Negative Gamma: When dealers have negative gamma, dealers are forced to sell into falling markets and buy into rising markets.
Gamma Flows and Broader Market Influence
Gamma flows can have significant effects on the broader market, especially when large volumes of options are traded and are the largest non-fundamental market force.
Stabilizing Effects (Positive Gamma): When dealers are in a positive gamma position, they typically buy when prices fall and sell when prices rise. This can have a stabilizing effect on the market by dampening volatility and supporting mean-reversion. In this scenario, dealers' hedging activities act as a buffer against large price swings, reducing market volatility.
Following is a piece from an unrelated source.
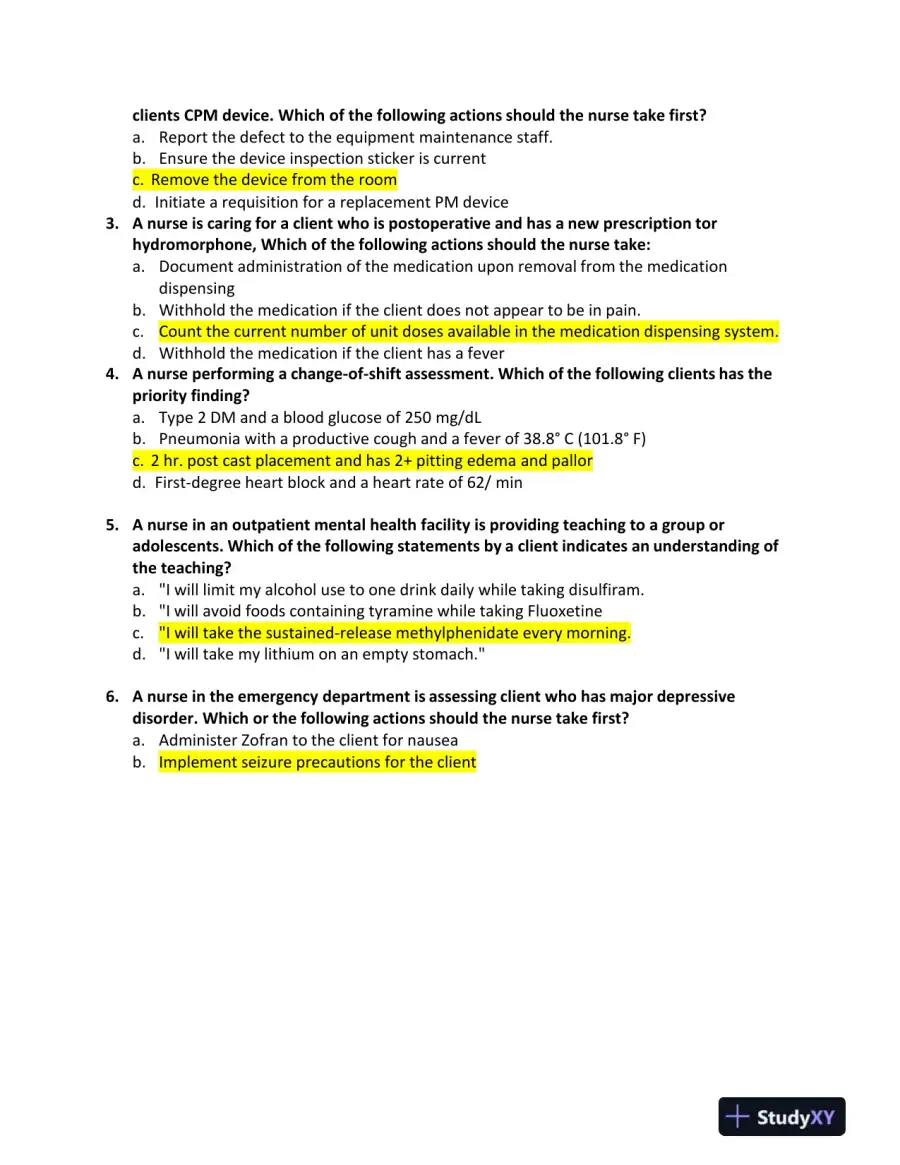2022 ATI Nursing Comprehensive Predictor Exam With Answers (180 Solved Questions), page 3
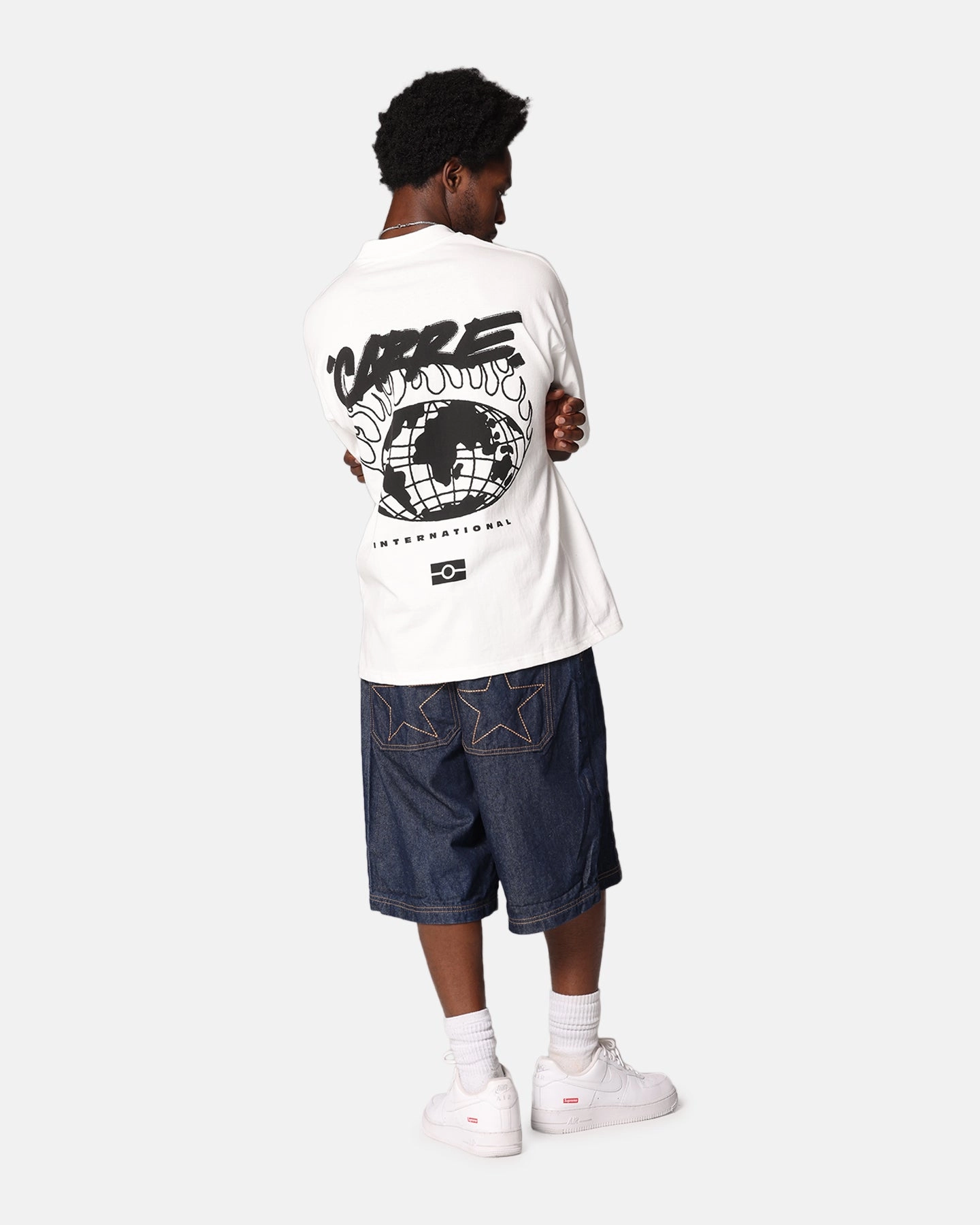 Minimal Comfort Style Durable Knit Structure Carre Passport Mock Neck T-Shirt Off White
Destabilizing Effects (Negative Gamma): When dealers are in a negative gamma position, they are forced to sell as prices decline and buy as prices increase, which can exacerbate market trends and lead to increased volatility, particularly in fast-moving markets, as their actions add momentum to the price movements. Negative gamma positions can amplify market moves, potentially causing sharp rallies or sell-offs, as dealers chase the market to keep their delta-hedges in line.
Volatility Events and Gamma "Pinning": Around key options expiration dates, large concentrations of options can create significant gamma effects. For example, if a large number of options are clustered around a certain strike price, dealers' hedging activities can cause the market to "pin" to that level, as their hedging flows dampen any movement away from the strike price. Alternatively, if the market breaks away from a major strike level with significant negative gamma exposure, this can lead to rapid and outsized moves as dealers scramble to adjust their positions.
Impact on Market Liquidity: Gamma flows have a major impact on market liquidity. When option dealers are forced to hedge large gamma exposures, their actions can either absorb or supply liquidity to the market. During periods of high negative gamma exposure, liquidity can dry up as dealers become aggressive in their hedging, leading to larger price swings and increased volatility. Conversely, in periods of positive gamma exposure, dealers provide liquidity by buying and selling in a way that counters market moves, reducing the likelihood of extreme price movements.
Hope this educational sidebar helps!
Chasing NVDA Short!
As a result of dealer hedging the selling in a negative gamma regime today, we had Nvidia posting its biggest single-day loss of market cap by any stock in history today.
Nvidia's market cap fell $279 billion today, the largest single-day decline for any company in history. That's bigger than the market cap of 474 companies in the S&P 500.
And this was before the 5PM ET headline!
$NVDA GETS DOJ SUBPOENA IN ESCALATING ANTITRUST INVESTIGATION
A reminder from my Trading Room Summary for clients - August 28th:
"it looks like QQQ 465.11 daily gap fill will hit with overshoot to 463.63 hourly gap fill before I can see if market gets defended and marked back up into September OpEx..."
Right idea, but not quite low enough target. Even today in the trading room I gave NVDA short below $115.62 with $110.10 hourly gap fill as high conviction Chase short.
It traded down to $106 after hours.
Reminder: trading is not a game of perfect.